O que em 2004 começou por ser uma rede janota para engates numa universidade repleta de jovens com as hormonas em fúria tornou-se na mais dura e universal das drogas. É hoje um dado adquirido pela comunidade científica que o Facebook, ao actuar directamente no sistema nervoso central, é susceptível de provocar um vício igual ou superior ao que é causado por estupefacientes “clássicos” como a heroína ou a cocaína. A rede de Zuckerberg tomou conta da cabeça humana. Não satisfeita, engoliu a economia. E, sabemos agora através do escândalo da Cambridge Analytica, está a triturar a democracia.
Comecemos pela cabeça. O objectivo do Facebook é provocar a ausência de pensamento. Através da manipulação de misteriosos algoritmos que os seus técnicos alteram diariamente por questões de segurança, é hoje possível formatar a informação que chega ao feed do utilizador em função daquilo que são as suas crenças, hábitos e relações, promovendo-se a absoluta falta de curiosidade e renúncia ao desejo de ver, de ler e de experimentar coisas novas, abrindo assim uma auto-estrada com muitas faixas para, aproveitando a passividade do utilizador, impor-lhe ideias e produtos pré-formatados com o único objectivo de acrescentar mais zeros na conta bancária de Zuckerberg.
Dinheiro, portanto. É disso e só disso que falamos quando falamos de gigantes da internet. Estudos realizados concluíram que o que o Facebook e a Google facturam é tanto que não lhes é possível reinjectar esse dinheiro na economia, por esta não ter capacidade de resposta – nomeadamente ao nível de recursos humanos qualificados – para encaixar tamanho bolo financeiro. A este facto não é estranha a circunstância de as tecnológicas ocuparem há muito, há demasiado tempo, uma espécie de terra de ninguém, em que conceitos como os impostos, a concorrência ou a propriedade intelectual têm sido encarados pelos governos ocidentais com a leveza e a superficialidade com que uma senhora reage a um piropo lançado de um andaime: finge-se que não se ouve e segue-se em frente.

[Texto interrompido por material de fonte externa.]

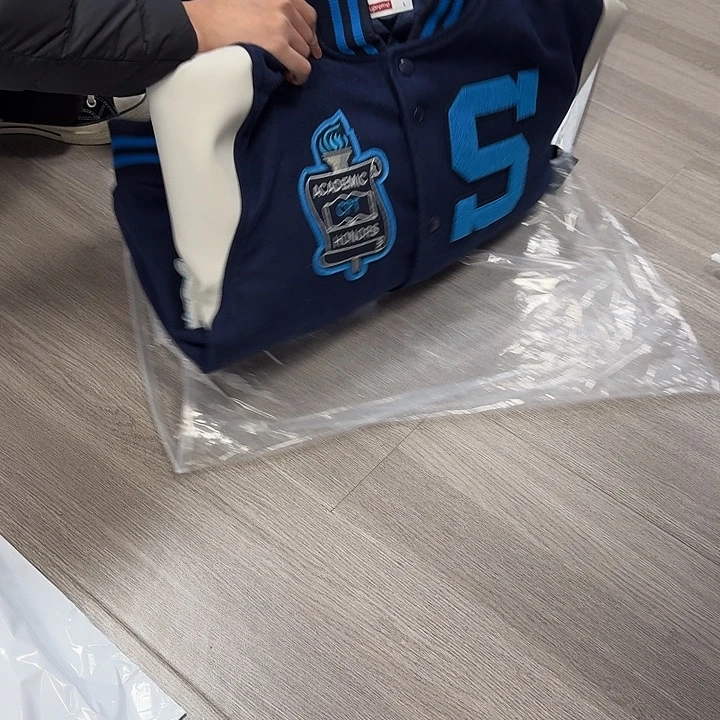 2***1005sup微瑕夹克不退换L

Ao beneficiar da complacência de indivíduos e instituições, o Facebook constituiu-se como plataforma de sonho para a propagação descontrolada – e gratuita – de informação, arruinando os alicerces do raciocínio individual e colectivo e, ao estrangular a imprensa tradicional, danificando gravemente a saúde da democracia como a conhecemos. Sem imprensa forte, não há democracias saudáveis – e para que a imprensa tenha arcaboiço financeiro é preciso, por exemplo, que o Facebook e a Google percam o quase monopólio da publicidade online: juntos facturam cerca de 80% do investimento mundial. Ironia das ironias: boa parte dessas receitas são obtidas em função do tráfego que lhes proporciona a disseminação gratuita das notícias produzidas pela imprensa tradicional…
Esta perversão, que agora atingiu novos patamares com a confirmação (os indícios eram numerosos há muito tempo) de que a plataforma tem sido utilizada para condicionar resultados de eleições e referendos, não pode deixar o mundo indiferente. Desiluda-se quem acredita que estamos perante um piropo de ocasião: ao manipular consciências de forma despudorada e massiva, o Facebook está a estupidificar a humanidade e, com isso, a criar um vazio apetecível para parasitas do pensamento. A menos que sejam tomadas medidas radicais, rapidamente teremos um mundo em que o ódio, a manipulação e a intolerância serão de tal forma presentes nas nossas vidas que dificilmente haverá uma droga, por mais dura que seja, que nos consiga fazer alienar das suas consequências.